Что касается трудных подростков из Мичигана, они, похоронив ОА в своем измерении, вскоре получают кое-какие знаки и пытаются в меру сил их расшифровать. Здесь их поменьше, чем в первом сезоне; пару серий, посвященных в основном им, Батманглидж уступил модному англичанину Эндрю Хею («45 лет», «Положитесь на Пита»). Наконец, во втором сезоне появился еще один главный герой: бывший фэбээровец, а ныне частный детектив по имени Карим (Кингсли Бен-Адир, тоже англичанин), как положено, во всем разочарованный и одиноко живущий на лодке. Он разыскивает 16-летнюю вьетнамскую девочку, чье исчезновение, похоже, связано с цифровой игрой-головоломкой.
Этот квест, стилизованный под нуар, задает тон новому сезону, хотя в «ОА», как уже было сказано, ты никогда не знаешь, куда ухнешь за следующим поворотом.

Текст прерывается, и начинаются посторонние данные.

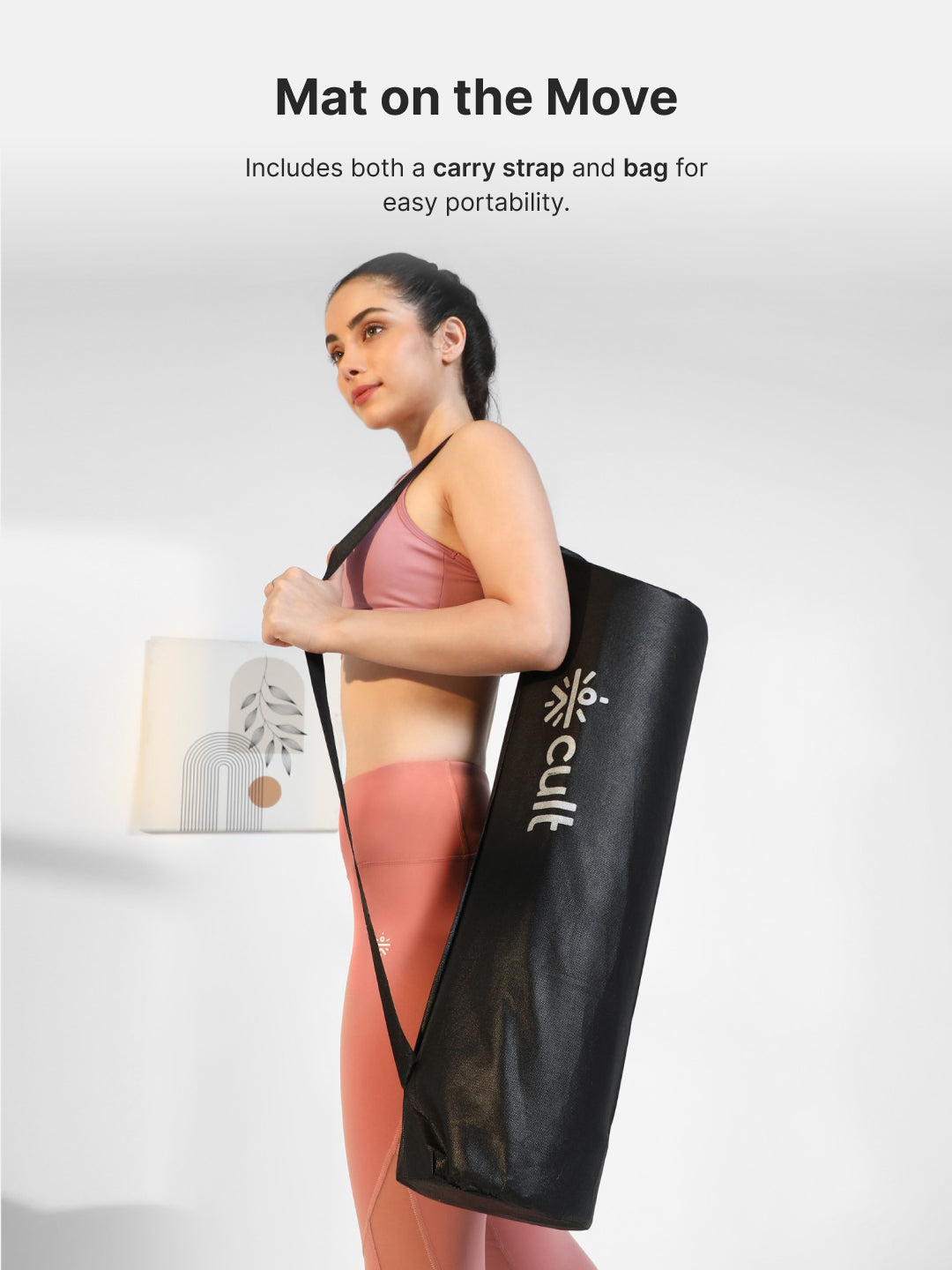 CULT TPE Yoga Mat 10mm Extra Thick with Carry Strap and Bag   Non-Toxic, Latex-Free, Anti-Slip, Tear-Resistant & Lightweight   Superior Cushioning for Joint Support, Ideal for Yoga, Pilates, Meditation & Home Workouts - Maroon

Важнейшую роль, например, играет заброшенный дом прямиком из готического хоррора — построенный некогда инженером, женатым на медиуме, и хранящий невероятные загадки. И «ОА» не был бы «ОА», если бы в нем не было говорящих древесных корней или подпольного русского клуба, или слова «SYZYGY», или библейского осьминога (не будем даже начинать про осьминога). Или, допустим, французской актрисы Ирен Жакоб, которая прибыла в сериал из «Двойной жизни Вероники», явно любимой авторами.

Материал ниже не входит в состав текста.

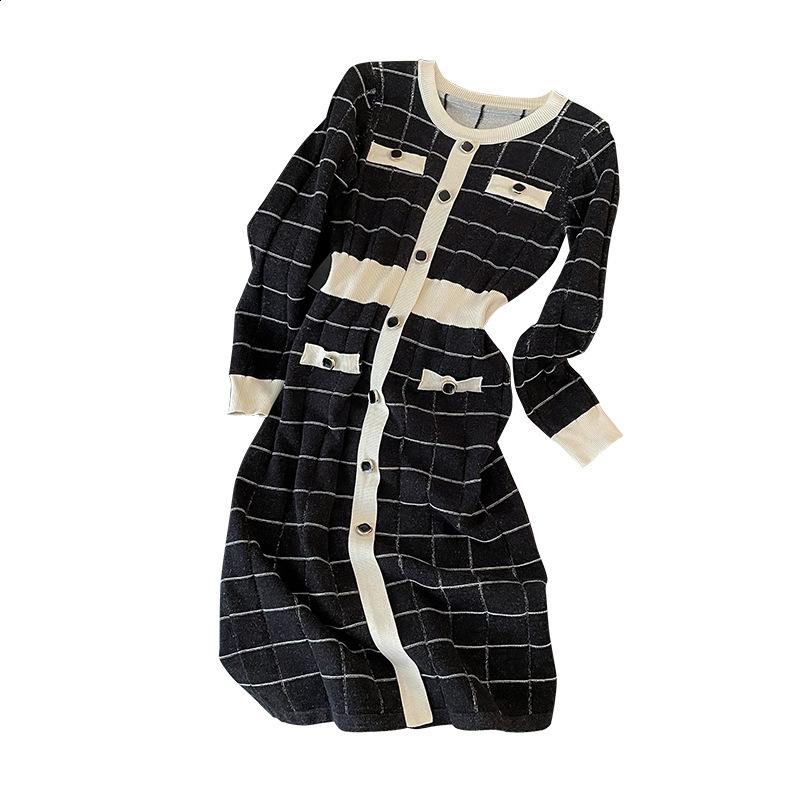 Socialite Elegant Knitted Dress for Women Autumn New Highend Fashion Vneck Slim Sweater Dress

Первый сезон появился вскоре после «Очень странных дел», и про «ОА» часто говорили как про «Дела» для взрослых: тоже мистика, тоже параллельные измерения, тоже группа парней, в жизнь которых входит загадочная незнакомка. (В приступе самоиронии — которая этому очень серьезному проекту, вообще-то, совсем несвойственна — сценаристы во втором сезоне даже пошутили про «Обратную сторону» из «Stranger Things».) Но это очень приблизительное и неточное сравнение.

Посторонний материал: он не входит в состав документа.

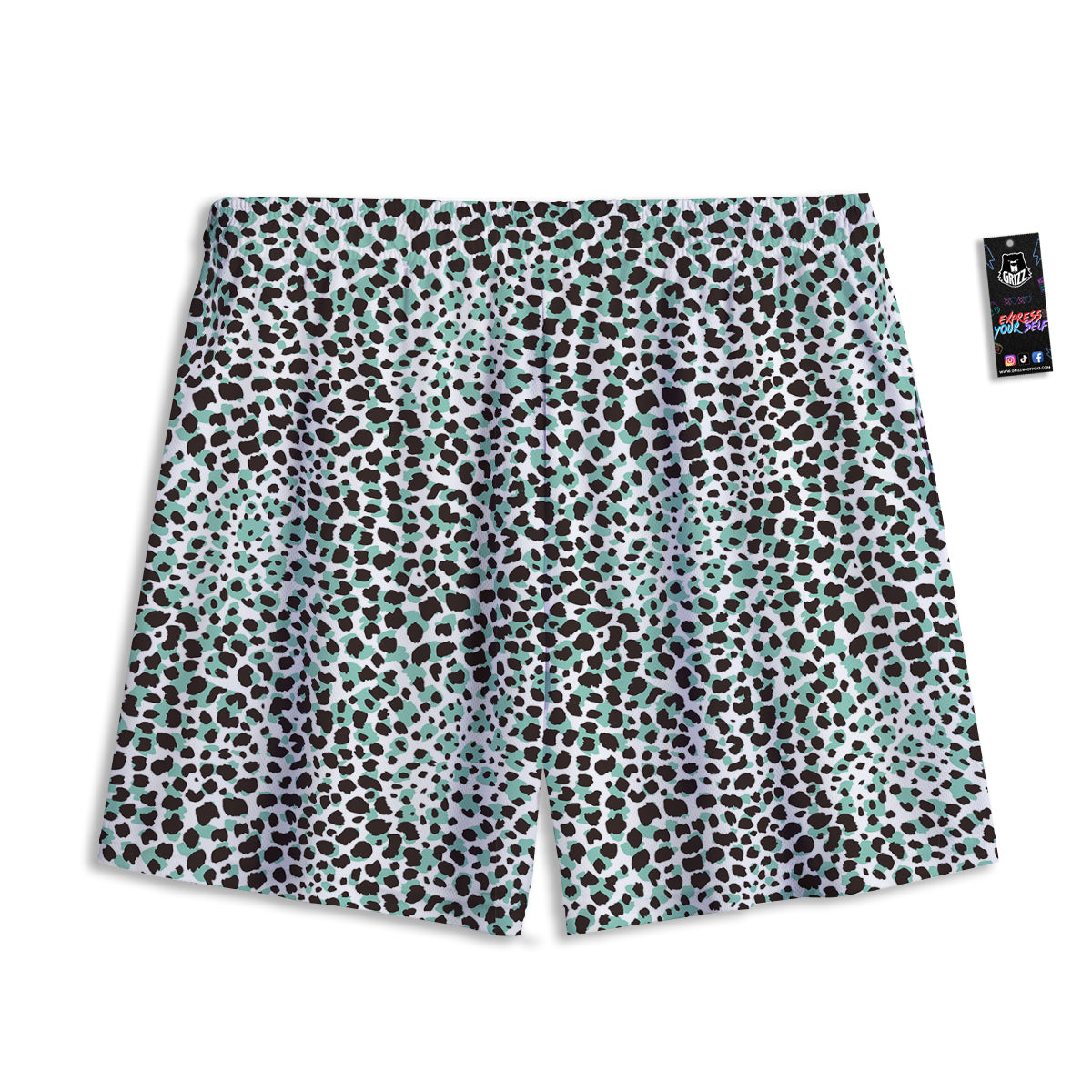 Leopard Teal And White Print Pattern Mesh Shorts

«ОА» — это Линч для миллениалов (и Марлинг, и Батманглидж родились на дальней границе поколения, в самом начале 1980-х), страшная сказка для людей, привыкших максимально трепетно относиться к собственным переживаниям, с возрастающим интересом вглядываться в себя. Если чуть отвлечься от метафизики, сериал говорит на те же темы, что и актуальная публицистика: системное злоупотребление властью, травма как цементирующий жизненный опыт, чувственные и ответственные отношения с окружающей средой.
Авторы — люди культурные, из хороших семей, поэтому в их лексиконе много всего от родителей — и Нью-Эйдж, и «сад расходящихся тропок», и бог знает что еще. Но ключевые слова «ОА», конечно, современные. Тут и краудсорсинг, и дополненная реальность, и новая сексуальность, например, и гендерная флюидность, и чайлд-фри, и целых два тиндер-свидания (гетеро и гей). Есть второстепенный персонаж в духе Лисбет Саландер — всемогущая хакерша, которая, когда мы с ней знакомимся, занята защитой некой феминистки от интернет-троллей. Есть злодеи из Силиконовой долины.
И все это, конечно, чрезвычайно любопытно. Если создатели «Очень странных дел» с удовольствием провалились бы в 1980-е, Марлинг и Батманглидж бесстрашно смотрят на сегодня и пытаются заглянуть в завтра — не столько в технологическом, скажем, смысле, сколько в эмоциональном. Финал первого сезона, в котором фигурировал школьник-стрелок, некоторым показался безвкусным. Интересно, что эти люди скажут про финал второго — отчасти анонсированный, как задним числом станет ясно, Ирен Жакоб, но в любом случае довольно сногсшибательный. И напоминающий, что при всех своих мистических закидонах, порой неловких, иногда смешных, этот сериал своим уникальным голосом говорит про единственное измерение — наше.